El Currículum Nacional Base, que rige en las escuelas, propone la educación en valores para “sentar las bases para el desarrollo de las formas de pensamiento, actitudes y comportamientos orientados a una convivencia armónica…”. Hace un año, el Cacif publicó un cuadernillo con una nota sobre “Saber vivir los valores de siempre”. Como ejemplo también, la Universidad del Istmo ofrece una Maestría en Valores, cuyo objetivo es “[p]rofundizar en la formación y aplicación de los valores con el debido fundamento ético, antropológico y axiológico”.
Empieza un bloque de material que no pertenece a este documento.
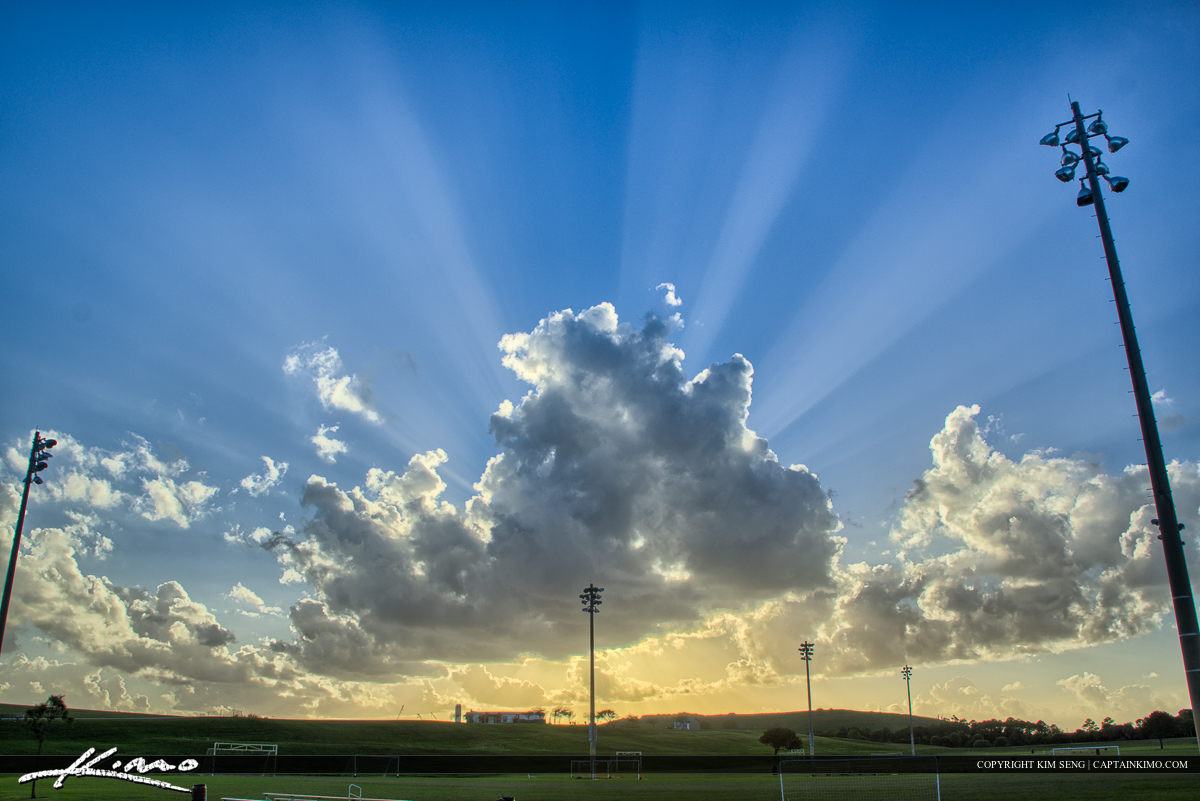 Soccer Field Outdoor Sports with Sunrays Clouds in Sky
El problema es que el término valor no dice nada en sí mismo. El diccionario le da 13 acepciones, aunque aquí me refiera a la décima de ellas: “[c]ualidad que poseen algunas realidades, consideradas bienes, por lo cual son estimables”.
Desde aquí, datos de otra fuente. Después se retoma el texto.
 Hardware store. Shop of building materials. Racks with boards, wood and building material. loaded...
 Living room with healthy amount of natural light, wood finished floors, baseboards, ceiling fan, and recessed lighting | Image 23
Entonces, hablar de valores, así nomás, es como hablar de cacerolas en la cocina. Sin explicaciones, es mencionar los recipientes sin tratar sobre los ingredientes. No es que no importen, todo lo contrario. Pero debemos explicitar aquello que valoramos, pues sospecho que muchas llamadas a ejercitar “valores” esconden esfuerzos por formar a los muchos en los intereses de los pocos. Así que para su lista comparto algunos bienes estimables. No serán los únicos, pero al menos prometo no decir libertad, democracia y paz.
Equivalencia. Hablando de valor, absolutamente todos valemos igual. Riqueza, pobreza, idiotez o genialidad, amistades o soledad, no son sino accidentes. Al reconocer méritos, pedir cuentas o exigir castigos, entendamos que aquellos califican, pero no restan ni agregan, a nuestra común humanidad. Por eso merecen iguales oportunidades el pobre que el rico, igual justicia los ixiles, Barreda, Siekavizza, Ríos Montt y un marero.
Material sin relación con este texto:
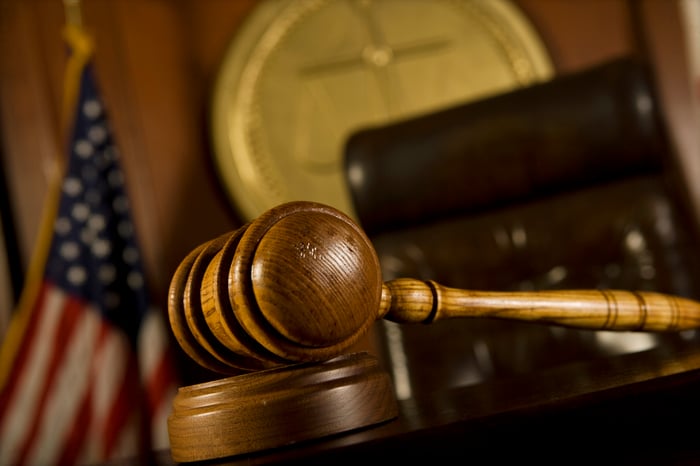Judges chair inside courtroom with gavel on bench. 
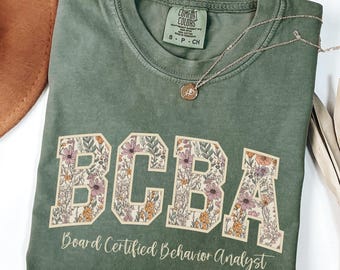 Camisetas BCBA con flores y colores cómodos, camiseta de analista de conducta certificado por la junta, camiseta de concienciación sobre el autismo, camiseta BCBA con fuente universitaria, regalo para el grupo BCBA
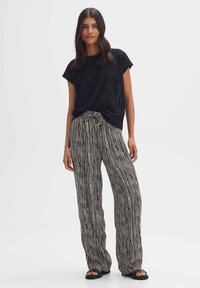 Zwarte gebreide top met korte mouwen en een losse fit, gecombineerd met gestreepte wijde broek in zwart en wit. Slippers maken de outfit compleet.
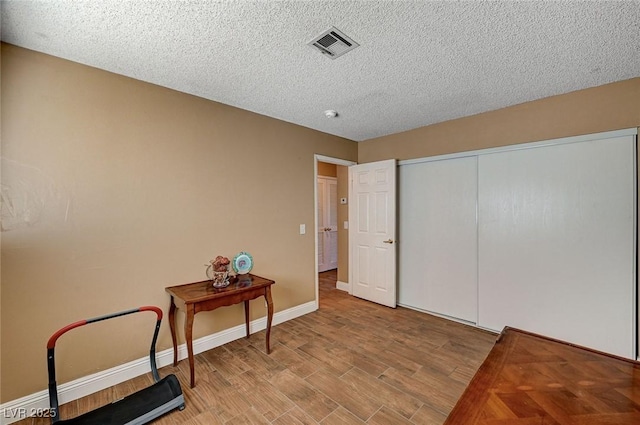 bedroom featuring light hardwood / wood-style floors, a textured ceiling, and a closet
Secularidad. Podrá haber un Dios. Podrá preocuparse personalmente porque un adolescente se masturba. O podrá ser todo una gran patraña. Pero seamos sinceros: los tiempos de la comunidad cerrada se han ido para siempre y en la sociedad de masas pesa poco lo que cada uno crea. Muchísimo daño hace insistir con violencia en asuntos que no tienen prueba.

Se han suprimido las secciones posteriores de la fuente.